Gare à la cybercondrie et aux fractures numériques
Le sujet n’est pas neuf, mais il continue d’inquiéter les
médecins en 2012 : la cybercondrie peut facilement frapper l’internaute lorsqu'il voit sur Internet des listes de
symptômes plus inquiétnts les uns que les autres. Ainsi, il se précipite chez son docteur
avec un « diagnostic Wikipédia » qui, souvent, ne reflète pas la
réalité de sa condition. Certains vont même jusqu’à changer de traitement sans
l’aval de leur médecin à cause de ce qu’ils ont lu dans le cyberespace. Car voilà le problème d’Internet : ce qu'on y lit est bien souvent sommaire, loin des recoupements, liens et vérifications qui permettent à un médecin de poser un diagnostic. De plus, le
réseau informatique regorge de récits de patients qui crient leurs angoisses et
douleurs à la face du monde.

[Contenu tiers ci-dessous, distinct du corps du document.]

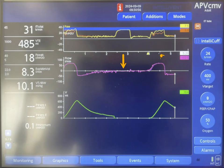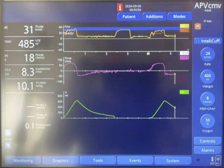The third breath is initiated by a negative deflection by the patient. Pressure goes up to 30 centimeters, with similar flow and similar tidal volume to the first breath.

Un défoulement peut-être sain pour eux, mais
extrêmement angoissant pour des malades (ou des bien-portants) déjà fragilisés qui lisent leurs propos.

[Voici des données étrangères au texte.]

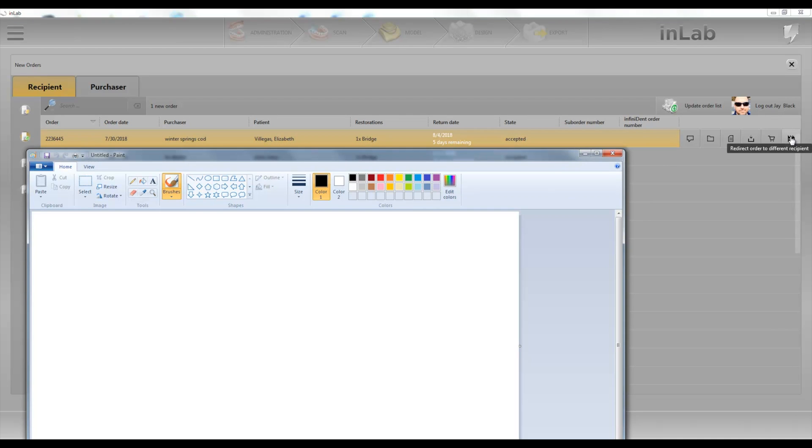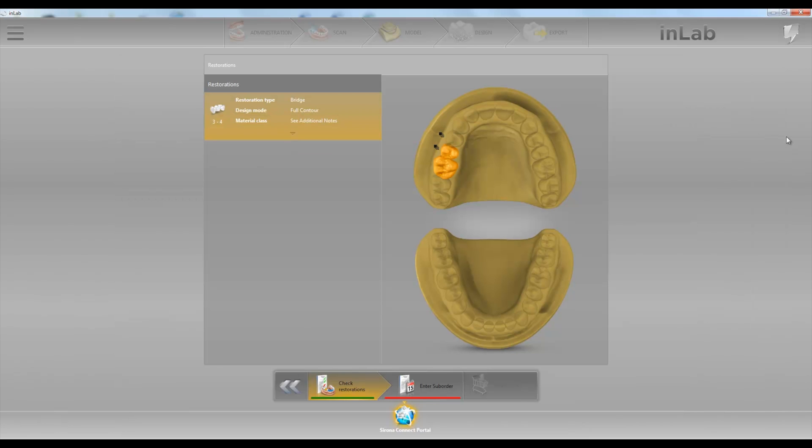So let's go ahead and click right here to redirect orders to different recipient. Okay, so now we'll go ahead and enter the prescription.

Cetains sociologues, comme Antonio Casilli, estiment que l'e-santé apparaît comme un nouvel avatar de la fracture numérique. Comme il l’explique dans une
présentation réalisée à l’Association Française de Sociologie en juillet 2011 (que l’on
peut voir ici),
des gouvernements, comme la France, misent beaucoup sur le réseau numérique afin que les
citoyens prennent en main leur santé. Une position qui omet la fracture numérique
causée par des facteurs socio-économiques (revenus, localisation, etc.) et une
méconnaissance des technologies chez un pan important de la population. Après
tout, il ne suffit pas de donner un iPhone à quelqu’un pour qu’il sache comment
user des services de médecine 2.0.
Alors, ces inégalités doivent être comblées avant de tout miser sur la « santé numérique ». Et les professions
médicales ont leur rôle à jouer. Si les internautes ont profité de la
puissance du Web pour se rassembler et s’entraider, les médecins et
infirmiers ont aussi une place dans le 2.0, comme l'int par exemple fait les professionnels du droit avant eux. Quelles formes doit prendre leur contribution ? Là est la
question. Réseau social ? Site d’informations ? Plateforme interactive ? Il n’y a
pas de réponses à l’heure actuelle, mais les médecins ont, avec le Web 2.0, une opportunité de se reconnecter avec leurs patients et de modérer
des angoisses qui n’ont pas lieu d’être.